Shraddha Basnyat, Viet Le, Subahu Rayamajhi, Dewar Tan
The main purpose of this project is to apply scaling techniques that we learned in class to a live project under controlled environments.
Following the project guidelines, our NanoTwitter has implemented these functionalities:
- can register for an account by supplying an email, an username, a full name and a password
- search for tweets
Logged in users
- Can follow and unfollow other registered users
- Can tweet
- Can see the flow of the last n tweets by the users that they have followed
- Can favorite and retweet any tweet
Non-logged in users
- See the flow of the last n tweets by any user
- Consist of
- a 140 characters of text (HTML escape)
- a date-time of creation
- Belong to one user
- Consist of
We also provide REST API:
- All start with /api/v1
The below screenshots represent our latest version of the application.
- Signup page:
- User page
- Search results:
We used loader.io to benchmark our app, connecting 500 users over the course of 1 minute.
We did 3 main load tests:
GET / - load up homepage
GET /user/testuser - load up testuser homepage
POST /user/testuser/tweet - have testuser create 1 tweet
Our final results are as followings:
- Load Homepage, 2000 visits Conditions: users=100 tweets=500 followers=30 Conditions: users=500 tweets=500 followers=100 Conditions: users=3000 tweets=2000 followers=1000
- Load Test User, 1800 visits Conditions: users=100 tweets=500 followers=30 Conditions: users=500 tweets=500 followers=100 Conditions: users=3000 tweets=2000 followers=1000
- Testuser creates 3000 tweets Conditions: users=100 tweets=500 followers=30 Conditions: users=500 tweets=500 followers=100 Conditions: users=3000 tweets=2000 followers=1000
We then use Rack Middleware to mount them to handle the corresponding URL requests.
We migrated from Ruby default web server, WEBrick to Puma to take advantage of multi threads. In our testing, we couldn't find any noticeable difference between the two.
We used PostgreSQL for storing persistent data.
The major improvement in response time came from fragment caching. We put the HTML for a Tweet object in Redis store so each time this object was called, we got the HTML from Redis. This removed the overhead of connecting to database to get the Tweet object.
In one of our load testing, connecting 100 clients to the homepage over the course of 1 minute, the average response time before fragment caching was implemented was 146ms. After the fragment caching was introduced, the average time was reduced to 98ms.
We also experimented with page caching, storing the entire page in Redis. This was implemented using Rack Cache. Our homepage had 2 additional HTTP headers, Etag and Last-Modified, to be used by Rack Cache to know if the page was updated or not. If there was no change, our old HTML page was served directly from Redis. Otherwise, a new page was rendered and stored in Redis for future usage.
Our homepage benefited a lot from full page caching. However, one bug we encountered was that a logged in user was served the cached version of homepage for non logged in users (without ability to post new tweet and logout). We hadn't been able to fix this bug so full page caching hadn't been implemented in other pages.
We used a lot of callbacks on our application to fill the Timeline table. Every time an user followed another, the former timeline table would be updated with most 50 recent tweets by the latter. Every time the latter tweeted, all of their followers would get the new tweet on their timeline. The major drawback of this implementation was that there were a lot of database writings. Similar to scaling Twitter slides, our application had the cost of O(1) read and O(n) write.

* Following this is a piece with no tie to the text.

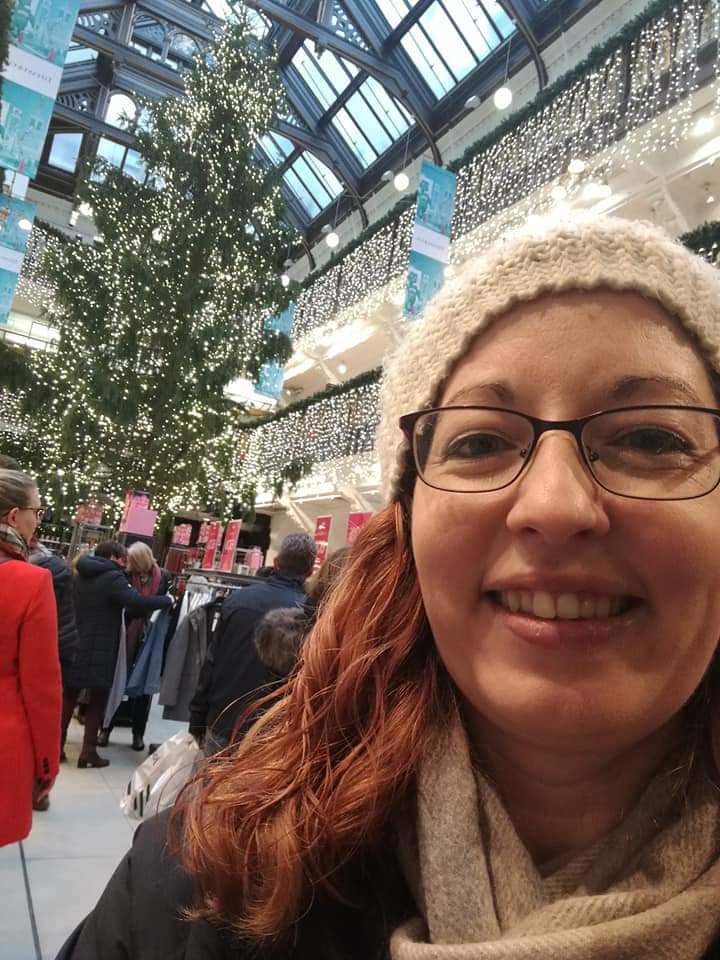 A smiling woman with red hair cascading out from under a white knitted hat poses inside the modern Jenners building. A tall Christmas tree and many Christmas lights are in the background.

Background jobs were implemented to reduce the costs of writing. The replication of tweets to all followers were done in the background without affecting the end-users. We used Sidekiq gem to achieve this.
We made an assumption that only a small percentage of users were active content creators, and the rest were content consumers. So the cost of writing was reasonably acceptable to us. However, due to this implementation, it took a long time to setup test cases for load testing. We found that, it was faster to drop and create new database than calling /test/reset/all which tried to destroy every users, tweets, follows and timelines.

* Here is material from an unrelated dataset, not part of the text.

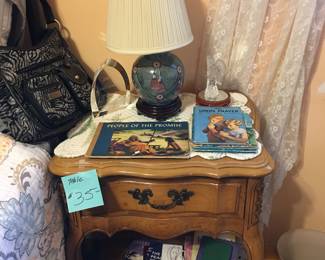 Night stand 
Lamp
Books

We used Rack::Deflater, a Rack middleware which intercepted responses, compressing them before sending them back to users. Smaller files resulted in faster response time for end users.
What could be done better
We used PostgreSQL on Heroku and SQlite locally because the latter was easy to setup on our local machines. SQLite lacked a lot of bells and whistles which the former had. Because production and development environments were different, we didn't invest enough time on improving PostgreSQL
One way of improving database performance was to replace ActiveRecord callbacks with PostgreSQL triggers. In our app, we used callbacks to replicate tweets from one user to all their followers. Each callback connected to the database and ran queries. Implementing this on PostgreSQL can be faster as we eliminate the need to connect to database. Additionally, queries running internally would be faster.
Sidekiq jobs run asynchronously, and non-sequentially. There are libraries to make background jobs run sequentially. Using these, we can have a single URL for creating a test case (reset testuser, seed tweets, seed users, seed followings...), instead of creating 1 job, checking status page to make sure that it is done before running another.